Politics is intrinsic to the Golan Heights landscape. The region, disputed by Syria and Israel since the mid-1960s, lingers in an unresolved state, which influences its people’s everyday life, culture, and music. That is why, even if you do not want to be meddled and muddled with politics, you inevitably end up being part of the wider frame.
That is what has happened to the most upbeat band coming from the Golan Heights: TootArd. The four musicians, who debuted six years ago, always looked at their homeland through more pristine and unadulterated lenses and they have constantly found themselves keen to put into music what their eyes were seeing around them and what they were experiencing first-hand, rather than what was happening in “smoke-filled rooms”.
We reached, by phone, Hasan Nakhleh – guitarist and vocalist of the band, as well as its founder member – with his brother Rami, to puzzle out the open-ended nature of his project and land, starting from their very own definition of TootArd’s style: ‘mountain rock’.

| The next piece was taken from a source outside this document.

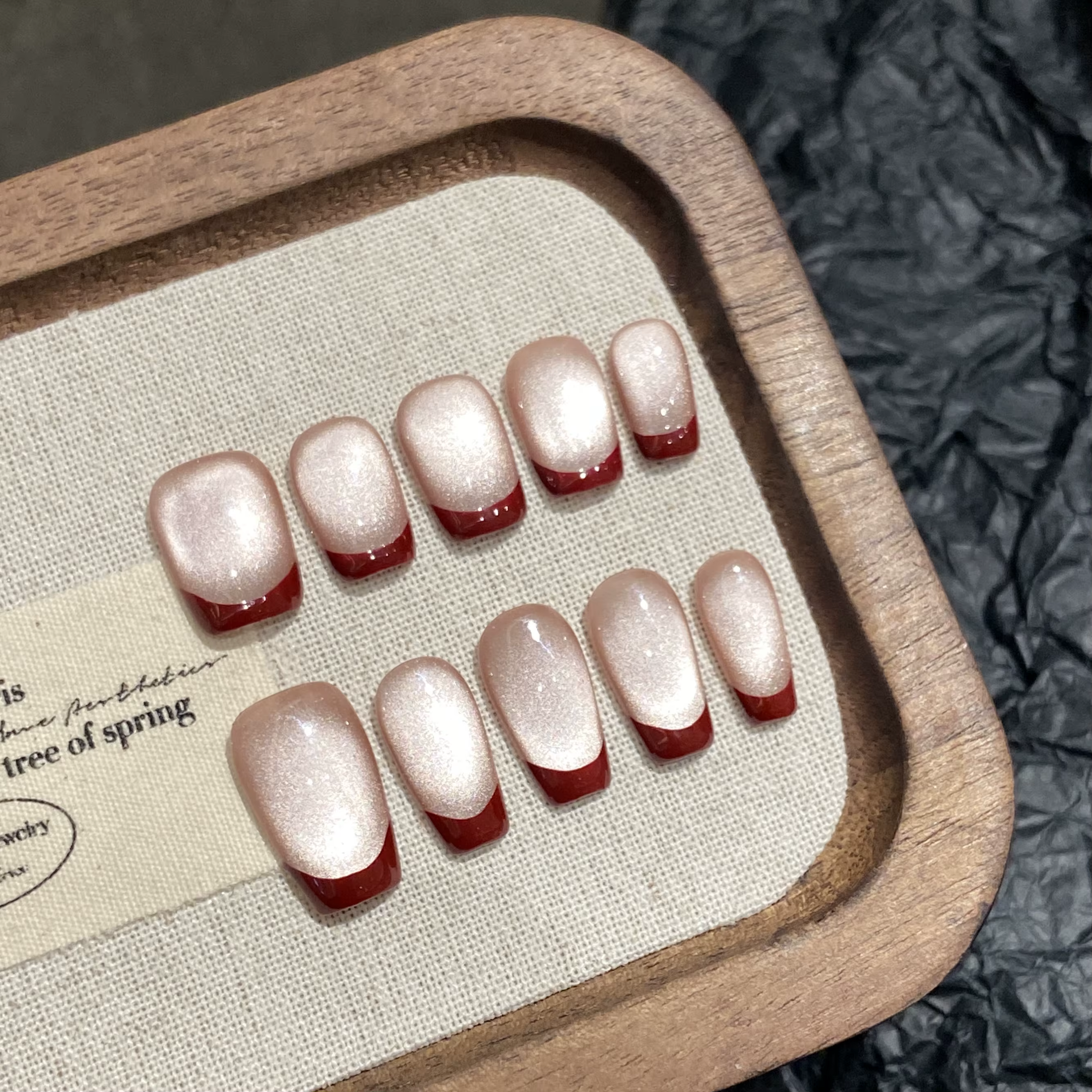 Faux ongles français courts faits à la main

“We could hardly tell where we fit as a genre so we thought, ‘why we don’t express what we feel about it?’ I mean, emotionally! That is when we developed the concept of roots rock-Jabali or ‘mountain rock’. We all lived and grew up in the same village called Majdal Shams, which lies down in a mountain called Mount Hermon, the highest in the Middle East. We were inspired by the location and we thought, ‘why don’t we call our music in that way?’ During that period, we were also listening to a lot of desert rock, so we thought, ‘since there is ‘desert rock’, why don’t we call our style ‘mountain rock’?”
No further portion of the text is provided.